"""

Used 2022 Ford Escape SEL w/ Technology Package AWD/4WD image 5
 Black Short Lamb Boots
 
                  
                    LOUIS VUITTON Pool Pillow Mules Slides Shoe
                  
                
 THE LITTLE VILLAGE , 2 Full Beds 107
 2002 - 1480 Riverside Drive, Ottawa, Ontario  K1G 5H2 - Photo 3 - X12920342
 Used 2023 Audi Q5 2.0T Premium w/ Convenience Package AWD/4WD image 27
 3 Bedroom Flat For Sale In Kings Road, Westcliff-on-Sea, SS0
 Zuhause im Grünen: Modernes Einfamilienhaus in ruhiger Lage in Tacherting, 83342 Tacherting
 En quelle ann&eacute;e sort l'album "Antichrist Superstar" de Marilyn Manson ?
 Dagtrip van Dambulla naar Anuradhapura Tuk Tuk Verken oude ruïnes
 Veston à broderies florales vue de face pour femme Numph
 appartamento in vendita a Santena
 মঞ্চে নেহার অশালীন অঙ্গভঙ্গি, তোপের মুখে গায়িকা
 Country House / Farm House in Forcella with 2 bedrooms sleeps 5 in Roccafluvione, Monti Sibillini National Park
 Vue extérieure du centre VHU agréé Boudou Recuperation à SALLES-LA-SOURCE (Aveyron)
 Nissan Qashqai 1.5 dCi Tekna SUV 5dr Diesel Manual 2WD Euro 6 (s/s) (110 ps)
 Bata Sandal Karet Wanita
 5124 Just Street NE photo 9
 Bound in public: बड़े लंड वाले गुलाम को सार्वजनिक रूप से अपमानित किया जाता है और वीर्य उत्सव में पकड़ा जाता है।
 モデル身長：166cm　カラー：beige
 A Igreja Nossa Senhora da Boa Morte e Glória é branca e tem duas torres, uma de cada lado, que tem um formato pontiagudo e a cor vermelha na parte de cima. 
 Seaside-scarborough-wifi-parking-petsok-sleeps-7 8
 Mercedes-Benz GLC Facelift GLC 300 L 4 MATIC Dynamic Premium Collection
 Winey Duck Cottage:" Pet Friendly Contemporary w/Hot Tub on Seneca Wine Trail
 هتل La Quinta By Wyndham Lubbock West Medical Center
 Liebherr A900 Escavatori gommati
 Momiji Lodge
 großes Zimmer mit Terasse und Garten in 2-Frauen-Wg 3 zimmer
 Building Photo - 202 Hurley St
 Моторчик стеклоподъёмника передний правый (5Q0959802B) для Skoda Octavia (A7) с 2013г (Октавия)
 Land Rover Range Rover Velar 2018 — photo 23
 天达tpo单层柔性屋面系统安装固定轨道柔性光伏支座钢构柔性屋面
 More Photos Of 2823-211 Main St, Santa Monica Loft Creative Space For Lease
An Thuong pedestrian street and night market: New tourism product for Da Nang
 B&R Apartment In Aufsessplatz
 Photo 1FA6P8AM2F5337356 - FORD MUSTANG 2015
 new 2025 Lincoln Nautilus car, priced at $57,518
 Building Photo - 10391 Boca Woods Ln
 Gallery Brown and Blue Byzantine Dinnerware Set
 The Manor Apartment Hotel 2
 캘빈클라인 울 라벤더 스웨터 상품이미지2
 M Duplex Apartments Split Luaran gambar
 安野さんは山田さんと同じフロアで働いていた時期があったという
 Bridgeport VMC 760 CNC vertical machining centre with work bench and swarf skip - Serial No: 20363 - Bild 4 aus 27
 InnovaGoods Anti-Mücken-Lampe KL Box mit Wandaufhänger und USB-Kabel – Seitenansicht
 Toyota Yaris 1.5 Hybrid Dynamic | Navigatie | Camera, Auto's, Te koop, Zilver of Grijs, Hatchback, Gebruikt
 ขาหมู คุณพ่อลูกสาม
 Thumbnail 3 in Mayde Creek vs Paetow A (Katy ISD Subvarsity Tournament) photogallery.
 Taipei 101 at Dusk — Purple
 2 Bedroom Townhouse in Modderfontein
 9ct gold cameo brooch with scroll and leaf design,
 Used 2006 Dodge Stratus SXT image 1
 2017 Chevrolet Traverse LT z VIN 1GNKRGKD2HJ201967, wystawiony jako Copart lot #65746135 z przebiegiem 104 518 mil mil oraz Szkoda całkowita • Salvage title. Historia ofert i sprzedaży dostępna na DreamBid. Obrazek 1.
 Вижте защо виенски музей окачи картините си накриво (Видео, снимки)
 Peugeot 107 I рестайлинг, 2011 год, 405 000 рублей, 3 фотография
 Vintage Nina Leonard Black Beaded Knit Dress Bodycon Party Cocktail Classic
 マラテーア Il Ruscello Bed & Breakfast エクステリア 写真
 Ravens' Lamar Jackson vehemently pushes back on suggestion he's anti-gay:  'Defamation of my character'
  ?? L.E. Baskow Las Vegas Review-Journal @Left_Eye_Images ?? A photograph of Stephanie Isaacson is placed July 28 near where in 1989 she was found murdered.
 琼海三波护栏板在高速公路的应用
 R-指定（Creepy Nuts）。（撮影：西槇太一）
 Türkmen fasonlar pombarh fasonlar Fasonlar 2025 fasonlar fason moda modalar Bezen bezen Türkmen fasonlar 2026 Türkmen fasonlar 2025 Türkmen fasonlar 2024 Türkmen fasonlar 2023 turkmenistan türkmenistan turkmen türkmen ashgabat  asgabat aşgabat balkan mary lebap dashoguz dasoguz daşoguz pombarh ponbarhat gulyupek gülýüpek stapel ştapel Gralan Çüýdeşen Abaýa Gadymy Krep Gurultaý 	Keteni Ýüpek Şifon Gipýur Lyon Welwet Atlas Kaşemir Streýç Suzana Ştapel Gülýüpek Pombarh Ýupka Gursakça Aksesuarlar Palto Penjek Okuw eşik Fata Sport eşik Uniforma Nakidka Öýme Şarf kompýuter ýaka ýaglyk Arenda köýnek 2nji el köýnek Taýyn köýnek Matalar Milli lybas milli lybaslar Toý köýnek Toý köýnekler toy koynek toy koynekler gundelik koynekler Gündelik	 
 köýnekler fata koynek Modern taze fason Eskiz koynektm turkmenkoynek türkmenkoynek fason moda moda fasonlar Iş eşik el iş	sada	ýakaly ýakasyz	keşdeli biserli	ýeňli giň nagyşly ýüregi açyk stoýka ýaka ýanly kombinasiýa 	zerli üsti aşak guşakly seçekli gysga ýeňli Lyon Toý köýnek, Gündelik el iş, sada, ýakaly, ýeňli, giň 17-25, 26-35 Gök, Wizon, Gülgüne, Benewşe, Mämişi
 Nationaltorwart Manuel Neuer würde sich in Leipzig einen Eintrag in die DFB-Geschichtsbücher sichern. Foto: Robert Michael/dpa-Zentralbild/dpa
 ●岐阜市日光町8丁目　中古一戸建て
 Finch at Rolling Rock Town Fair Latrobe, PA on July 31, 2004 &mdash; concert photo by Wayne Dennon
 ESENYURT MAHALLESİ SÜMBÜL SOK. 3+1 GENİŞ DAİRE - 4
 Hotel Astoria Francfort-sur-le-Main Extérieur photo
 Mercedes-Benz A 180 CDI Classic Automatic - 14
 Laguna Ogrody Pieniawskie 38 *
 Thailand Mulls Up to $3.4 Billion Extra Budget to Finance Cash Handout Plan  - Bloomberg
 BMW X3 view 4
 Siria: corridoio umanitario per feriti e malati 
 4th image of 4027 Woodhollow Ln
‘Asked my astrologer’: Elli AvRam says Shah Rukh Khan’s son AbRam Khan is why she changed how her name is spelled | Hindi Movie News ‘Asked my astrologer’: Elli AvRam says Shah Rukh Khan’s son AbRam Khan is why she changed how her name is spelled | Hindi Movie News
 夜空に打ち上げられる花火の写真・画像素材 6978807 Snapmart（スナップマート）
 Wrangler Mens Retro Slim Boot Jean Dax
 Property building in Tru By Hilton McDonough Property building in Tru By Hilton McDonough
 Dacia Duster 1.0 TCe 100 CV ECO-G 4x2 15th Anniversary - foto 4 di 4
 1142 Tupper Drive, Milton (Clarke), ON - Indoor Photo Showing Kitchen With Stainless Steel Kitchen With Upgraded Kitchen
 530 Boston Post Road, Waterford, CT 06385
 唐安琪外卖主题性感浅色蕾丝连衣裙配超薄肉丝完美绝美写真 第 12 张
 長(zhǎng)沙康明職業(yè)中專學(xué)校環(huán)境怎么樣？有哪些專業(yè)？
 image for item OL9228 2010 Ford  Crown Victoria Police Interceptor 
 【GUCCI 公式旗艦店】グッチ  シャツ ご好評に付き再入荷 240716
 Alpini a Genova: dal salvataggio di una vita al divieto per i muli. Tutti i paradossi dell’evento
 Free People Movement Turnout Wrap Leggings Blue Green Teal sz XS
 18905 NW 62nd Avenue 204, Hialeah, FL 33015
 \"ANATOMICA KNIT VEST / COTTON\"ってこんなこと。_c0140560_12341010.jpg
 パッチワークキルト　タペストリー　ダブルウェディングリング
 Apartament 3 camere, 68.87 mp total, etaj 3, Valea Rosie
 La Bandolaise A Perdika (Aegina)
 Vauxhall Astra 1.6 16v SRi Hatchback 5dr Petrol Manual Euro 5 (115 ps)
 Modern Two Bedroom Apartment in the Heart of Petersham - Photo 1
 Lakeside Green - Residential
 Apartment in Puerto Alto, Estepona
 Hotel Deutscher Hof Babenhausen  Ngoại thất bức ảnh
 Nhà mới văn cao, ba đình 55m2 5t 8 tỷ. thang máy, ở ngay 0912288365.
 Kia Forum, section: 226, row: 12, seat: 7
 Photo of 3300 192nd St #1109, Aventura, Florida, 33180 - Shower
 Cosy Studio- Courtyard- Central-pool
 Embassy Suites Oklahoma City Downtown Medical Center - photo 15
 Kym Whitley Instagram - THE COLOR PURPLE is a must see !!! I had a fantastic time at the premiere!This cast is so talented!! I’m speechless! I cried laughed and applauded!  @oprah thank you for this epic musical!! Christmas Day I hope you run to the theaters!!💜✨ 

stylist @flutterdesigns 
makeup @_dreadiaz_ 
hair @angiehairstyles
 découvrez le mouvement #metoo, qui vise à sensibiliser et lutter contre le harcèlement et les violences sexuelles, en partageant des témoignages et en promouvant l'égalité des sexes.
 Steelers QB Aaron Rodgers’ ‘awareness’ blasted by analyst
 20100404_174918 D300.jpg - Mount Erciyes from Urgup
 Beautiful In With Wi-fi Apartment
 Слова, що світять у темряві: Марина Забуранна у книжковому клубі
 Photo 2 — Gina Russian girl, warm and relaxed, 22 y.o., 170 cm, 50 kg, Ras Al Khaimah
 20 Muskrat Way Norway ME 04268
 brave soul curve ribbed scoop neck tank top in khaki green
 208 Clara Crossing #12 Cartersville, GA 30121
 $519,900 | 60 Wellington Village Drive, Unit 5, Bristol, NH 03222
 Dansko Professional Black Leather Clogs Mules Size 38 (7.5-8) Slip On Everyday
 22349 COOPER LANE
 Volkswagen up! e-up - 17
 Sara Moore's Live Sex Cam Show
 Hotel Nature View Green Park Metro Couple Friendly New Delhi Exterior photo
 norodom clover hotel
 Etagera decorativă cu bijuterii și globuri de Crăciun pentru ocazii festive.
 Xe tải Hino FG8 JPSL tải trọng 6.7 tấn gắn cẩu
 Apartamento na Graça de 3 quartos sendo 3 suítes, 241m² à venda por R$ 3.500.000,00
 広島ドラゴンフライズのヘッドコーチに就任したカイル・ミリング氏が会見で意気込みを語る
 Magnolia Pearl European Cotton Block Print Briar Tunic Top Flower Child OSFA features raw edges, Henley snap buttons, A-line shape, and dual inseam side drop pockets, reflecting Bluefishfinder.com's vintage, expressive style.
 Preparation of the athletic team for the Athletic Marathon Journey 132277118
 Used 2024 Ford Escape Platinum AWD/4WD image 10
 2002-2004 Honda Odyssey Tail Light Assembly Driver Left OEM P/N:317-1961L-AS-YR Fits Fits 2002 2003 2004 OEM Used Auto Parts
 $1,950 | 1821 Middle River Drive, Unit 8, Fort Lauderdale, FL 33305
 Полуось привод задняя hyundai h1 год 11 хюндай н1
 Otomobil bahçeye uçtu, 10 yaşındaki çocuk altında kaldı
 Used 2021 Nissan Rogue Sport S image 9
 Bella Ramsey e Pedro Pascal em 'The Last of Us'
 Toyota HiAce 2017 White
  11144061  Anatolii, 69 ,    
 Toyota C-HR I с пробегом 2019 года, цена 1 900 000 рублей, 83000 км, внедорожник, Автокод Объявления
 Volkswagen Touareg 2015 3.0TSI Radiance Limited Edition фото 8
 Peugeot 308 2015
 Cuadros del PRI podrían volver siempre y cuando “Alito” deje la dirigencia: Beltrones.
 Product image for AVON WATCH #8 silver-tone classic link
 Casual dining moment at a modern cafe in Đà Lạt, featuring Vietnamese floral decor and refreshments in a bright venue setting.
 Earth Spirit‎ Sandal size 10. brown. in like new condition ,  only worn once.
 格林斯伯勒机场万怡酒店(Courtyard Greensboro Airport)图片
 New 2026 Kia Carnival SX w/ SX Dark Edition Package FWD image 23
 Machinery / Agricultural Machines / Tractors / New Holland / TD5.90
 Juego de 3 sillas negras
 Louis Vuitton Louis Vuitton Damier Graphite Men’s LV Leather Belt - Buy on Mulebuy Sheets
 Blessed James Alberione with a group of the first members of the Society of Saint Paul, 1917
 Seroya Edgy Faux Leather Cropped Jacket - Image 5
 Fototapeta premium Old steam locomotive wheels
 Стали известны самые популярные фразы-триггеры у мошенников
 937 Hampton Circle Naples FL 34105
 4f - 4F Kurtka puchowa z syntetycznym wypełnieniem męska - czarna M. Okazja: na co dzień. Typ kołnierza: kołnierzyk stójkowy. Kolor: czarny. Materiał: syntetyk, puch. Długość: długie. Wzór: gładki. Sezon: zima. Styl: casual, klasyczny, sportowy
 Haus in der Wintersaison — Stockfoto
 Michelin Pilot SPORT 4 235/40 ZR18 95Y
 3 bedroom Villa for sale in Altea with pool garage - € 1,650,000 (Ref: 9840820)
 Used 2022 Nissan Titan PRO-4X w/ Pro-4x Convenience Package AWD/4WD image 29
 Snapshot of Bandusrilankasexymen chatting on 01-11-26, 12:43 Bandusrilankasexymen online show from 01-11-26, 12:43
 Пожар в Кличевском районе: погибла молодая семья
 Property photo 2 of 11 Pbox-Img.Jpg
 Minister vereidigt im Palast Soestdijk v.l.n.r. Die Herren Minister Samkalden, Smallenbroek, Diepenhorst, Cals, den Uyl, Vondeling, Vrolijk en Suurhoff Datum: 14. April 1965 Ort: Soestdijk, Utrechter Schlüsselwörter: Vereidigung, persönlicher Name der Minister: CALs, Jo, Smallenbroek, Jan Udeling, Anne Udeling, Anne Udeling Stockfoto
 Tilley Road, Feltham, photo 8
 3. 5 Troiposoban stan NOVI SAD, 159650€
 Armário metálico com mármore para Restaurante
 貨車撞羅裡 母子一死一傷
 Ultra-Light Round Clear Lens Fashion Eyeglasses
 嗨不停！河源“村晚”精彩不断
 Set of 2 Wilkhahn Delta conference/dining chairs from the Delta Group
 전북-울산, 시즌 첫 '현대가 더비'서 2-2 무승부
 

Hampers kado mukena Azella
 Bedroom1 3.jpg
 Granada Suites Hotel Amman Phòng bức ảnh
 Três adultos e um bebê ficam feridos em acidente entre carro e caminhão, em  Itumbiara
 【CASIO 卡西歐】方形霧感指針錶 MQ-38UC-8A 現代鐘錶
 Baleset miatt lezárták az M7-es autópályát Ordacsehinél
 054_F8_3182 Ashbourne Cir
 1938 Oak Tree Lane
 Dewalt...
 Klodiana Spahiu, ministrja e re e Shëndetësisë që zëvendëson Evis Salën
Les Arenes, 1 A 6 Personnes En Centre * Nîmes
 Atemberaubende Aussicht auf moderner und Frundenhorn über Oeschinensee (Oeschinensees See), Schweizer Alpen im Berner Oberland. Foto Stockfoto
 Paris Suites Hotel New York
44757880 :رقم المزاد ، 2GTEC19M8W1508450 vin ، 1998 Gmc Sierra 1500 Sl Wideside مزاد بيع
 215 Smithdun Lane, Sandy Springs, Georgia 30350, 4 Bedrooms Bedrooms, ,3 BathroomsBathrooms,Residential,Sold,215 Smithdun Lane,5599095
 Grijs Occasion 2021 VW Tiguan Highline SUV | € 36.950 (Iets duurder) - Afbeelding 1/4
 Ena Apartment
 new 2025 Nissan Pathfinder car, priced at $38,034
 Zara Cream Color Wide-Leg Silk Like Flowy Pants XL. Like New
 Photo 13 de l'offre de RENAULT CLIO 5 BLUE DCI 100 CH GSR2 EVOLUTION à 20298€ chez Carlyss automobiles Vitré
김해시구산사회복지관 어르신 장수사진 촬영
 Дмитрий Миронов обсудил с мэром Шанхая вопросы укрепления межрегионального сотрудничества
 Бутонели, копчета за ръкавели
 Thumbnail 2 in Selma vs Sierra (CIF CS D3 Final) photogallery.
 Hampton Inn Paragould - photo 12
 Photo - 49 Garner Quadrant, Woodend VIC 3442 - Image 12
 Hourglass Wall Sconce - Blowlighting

"""

** ABOUT THIS EXERCISE **
With the line holding "Bella Ramsey e" as the first and the line holding "Property photo 2 of 11 Pbox-Img.Jpg" as the last, set down that range of the entries above exactly, and nothing else.

** RESPONSE BOX **
 Bella Ramsey e Pedro Pascal em 'The Last of Us'
 Toyota HiAce 2017 White
  11144061  Anatolii, 69 ,    
 Toyota C-HR I с пробегом 2019 года, цена 1 900 000 рублей, 83000 км, внедорожник, Автокод Объявления
 Volkswagen Touareg 2015 3.0TSI Radiance Limited Edition фото 8
 Peugeot 308 2015
 Cuadros del PRI podrían volver siempre y cuando “Alito” deje la dirigencia: Beltrones.
 Product image for AVON WATCH #8 silver-tone classic link
 Casual dining moment at a modern cafe in Đà Lạt, featuring Vietnamese floral decor and refreshments in a bright venue setting.
 Earth Spirit‎ Sandal size 10. brown. in like new condition ,  only worn once.
 格林斯伯勒机场万怡酒店(Courtyard Greensboro Airport)图片
 New 2026 Kia Carnival SX w/ SX Dark Edition Package FWD image 23
 Machinery / Agricultural Machines / Tractors / New Holland / TD5.90
 Juego de 3 sillas negras
 Louis Vuitton Louis Vuitton Damier Graphite Men’s LV Leather Belt - Buy on Mulebuy Sheets
 Blessed James Alberione with a group of the first members of the Society of Saint Paul, 1917
 Seroya Edgy Faux Leather Cropped Jacket - Image 5
 Fototapeta premium Old steam locomotive wheels
 Стали известны самые популярные фразы-триггеры у мошенников
 937 Hampton Circle Naples FL 34105
 4f - 4F Kurtka puchowa z syntetycznym wypełnieniem męska - czarna M. Okazja: na co dzień. Typ kołnierza: kołnierzyk stójkowy. Kolor: czarny. Materiał: syntetyk, puch. Długość: długie. Wzór: gładki. Sezon: zima. Styl: casual, klasyczny, sportowy
 Haus in der Wintersaison — Stockfoto
 Michelin Pilot SPORT 4 235/40 ZR18 95Y
 3 bedroom Villa for sale in Altea with pool garage - € 1,650,000 (Ref: 9840820)
 Used 2022 Nissan Titan PRO-4X w/ Pro-4x Convenience Package AWD/4WD image 29
 Snapshot of Bandusrilankasexymen chatting on 01-11-26, 12:43 Bandusrilankasexymen online show from 01-11-26, 12:43
 Пожар в Кличевском районе: погибла молодая семья
 Property photo 2 of 11 Pbox-Img.Jpg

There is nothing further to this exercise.